RD-180's long goodbye

The launch Tuesday morning was the end of an era born in the 1990s when US government policy allowed Lockheed Martin, the original developer of the Atlas V, to use Russian rocket engines during its first stage. There was a widespread sentiment in the first decade after the fall of the Soviet Union that the United States and other Western nations should partner with Russia to keep the country's aerospace workers employed and prevent "rogue states" like Iran or North Korea from hiring them. At the time, the Pentagon was procuring new rockets to replace legacy versions of the Atlas, Delta, and Titan rocket families, which had been in service since the late 1950s or early 1960s.
Ultimately, the Air Force chose Lockheed Martin's Atlas V and Boeing's Delta IV rocket for development in 1998. The Atlas V, with its Russian main engine, was somewhat less expensive than the Delta IV and the more successful of the two designs. After Tuesday's launch, 15 more Atlas V rockets are booked to fly payloads for commercial customers and NASA, mainly for Amazon's Kuiper network and Boeing's Starliner crew spacecraft. The 45th and final Delta IV launch occurred in April. Boeing and Lockheed Martin merged their rocket divisions in 2006 to form a 50-50 joint venture named United Launch Alliance, which became the sole contractor certified to carry large US military satellites to orbit until SpaceX started launching national security missions in 2018. SpaceX filed a lawsuit in 2014 to protest the Air Force's decision to award ULA a multibillion-dollar sole-source contract for 36 Atlas V and Delta IV rocket booster cores. The litigation started soon after Russia's military occupation and annexation of Crimea, which prompted US government sanctions on prominent Russian government officials, including Dmitry Rogozin, then Russia's deputy prime minister and later the head of Russia's space agency.
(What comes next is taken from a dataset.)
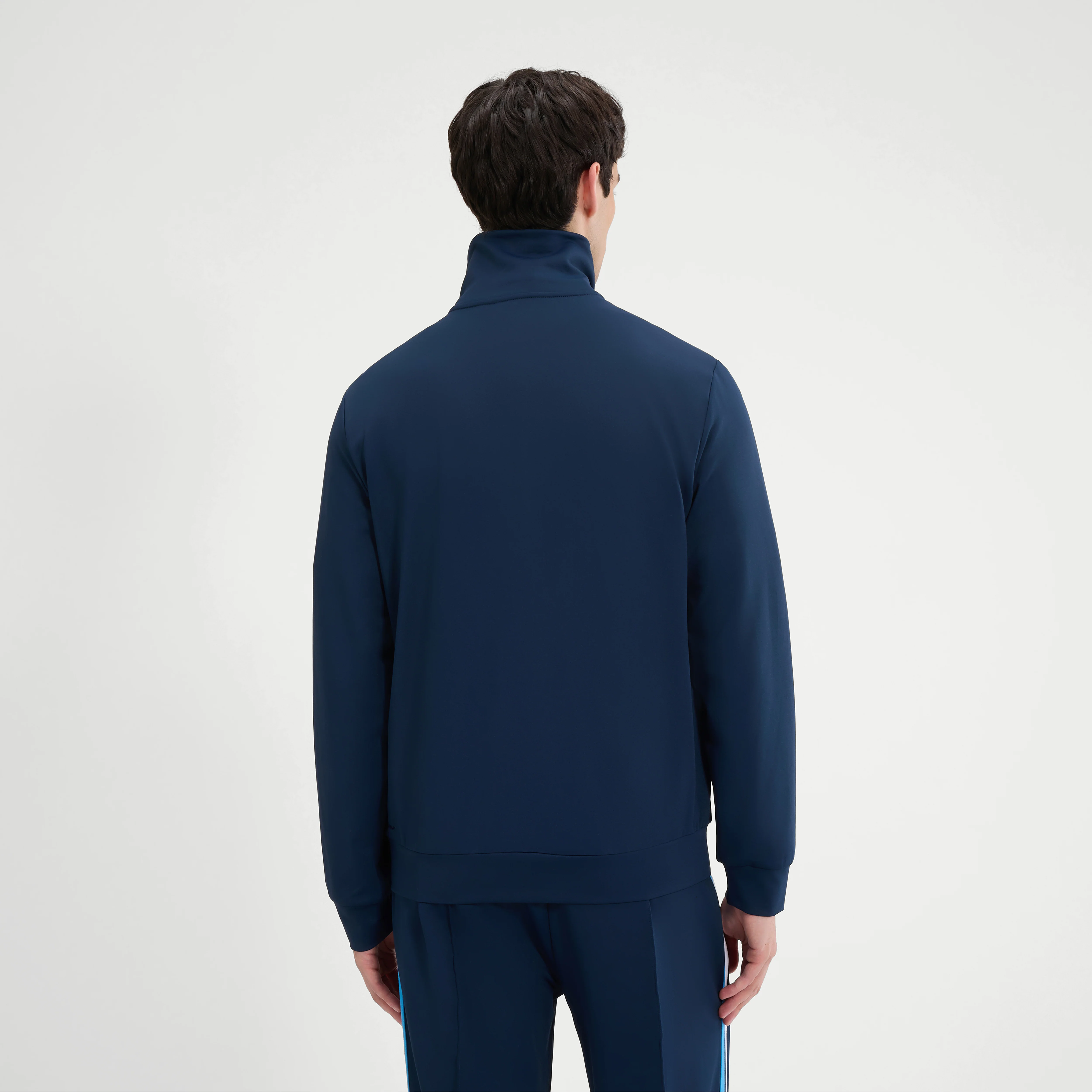 Ellesse Heritage Tosciana Track Top Navy - 562 - Image 4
Rogozin, known for his bellicose but usually toothless rhetoric, threatened to halt exports of RD-180 engines for US military missions on the Atlas V. That didn't happen until Russia finally stopped engine exports to the United States in 2022, following its full-scale invasion of Ukraine. At that point, ULA already had all the engines it needed to fly out all of its remaining Atlas V rockets. This export ban had a larger effect on Northrop Grumman's Antares rocket, which also used Russian engines, forcing the development of a brand new first stage booster with US engines. The SpaceX lawsuit, Russia's initial military incursions into Ukraine in 2014, and the resulting sanctions marked the beginning of the end for the Atlas V rocket and ULA's use of the Russian RD-180 engine. The dual-nozzle RD-180, made by a Russian company named NPO Energomash, consumes kerosene and liquid oxygen propellants and generates 860,000 pounds of thrust at full throttle.
Energomash exported the final batch of RD-180s to the United States in 2021, bringing the total number of deliveries to 122 engines. In the initial bulk order, each RD-180 engine was priced at approximately $10 million per unit. Energomash produced a few more RD-180s for ground testing in Russia, and those were never sent to the United States. Six RD-180 engines flew on Lockheed Martin's Atlas III rocket, which retired in 2005, and the rest have powered Atlas Vs into space. The RD-180 engine never failed on a US military launch, and its only blemish across its entire flight history was a relatively slight performance shortfall on a commercial Atlas V launch in 2016. ULA has 15 more RD-180 engines in its inventory to cover the remaining backlog of Atlas V missions, which will likely stretch over the rest of the 2020s.

An all-American era

With the US military's reliance on Russian rocket engines no longer politically tenable, and SpaceX ready to launch military satellites at lower cost with an all-American, partially reusable rocket, ULA announced the development of a new launch vehicle named Vulcan in 2015. In that year's National Defense Authorization Act, Congress required the Air Force to transition off of the RD-180 engine, prompting a rush of Pentagon contracts to help fund new development of US rocket engines. The military opened its military launch contracts for competition, and SpaceX started winning deals to launch GPS navigation satellites, spy platforms, and other national security payloads. In 2020, the Pentagon announced a bulk purchase of dozens of launches from ULA, with its new Vulcan rocket, and from SpaceX, with its Falcon 9 and Falcon Heavy launchers. But the Vulcan rocket's first launch slipped several years, mainly due to delays with its BE-4 main engine, made by Blue Origin, Jeff Bezos' space company. This led the Space Force, which took over launch contracting from the Air Force, to award a larger share of launch deals to SpaceX than originally planned. The mission that launched Tuesday, known as USSF-51, also moved off of the Vulcan rocket and onto an Atlas V flight due to Vulcan delays. “The Atlas family of rockets has played a pivotal role in the advancement of national security and space superiority since the 1950s,” said Tory Bruno, ULA’s president and CEO, in a statement. “Although today marks the final liftoff of a national security space mission aboard an Atlas rocket, we look forward to extending a legacy of outstanding teamwork and collaboration with the US Space Force as we launch future missions for our national security partners aboard the Vulcan rocket.” The Vulcan rocket successfully launched on its first test flight on January 8 and is scheduled to fly again in mid-September on a second test flight. If that launch goes as well as the first one, the Space Force could certify the Vulcan rocket to begin launching actual payloads for the military by the end of this year. Meanwhile, Blue Origin is nearing the finish line in the development of its heavy-lift rocket, the New Glenn, which could launch for the first time later this year. Once Blue Origin strings together a series of successful New Glenn launches, it will also be eligible to compete with ULA and SpaceX for at least some national security launch contacts.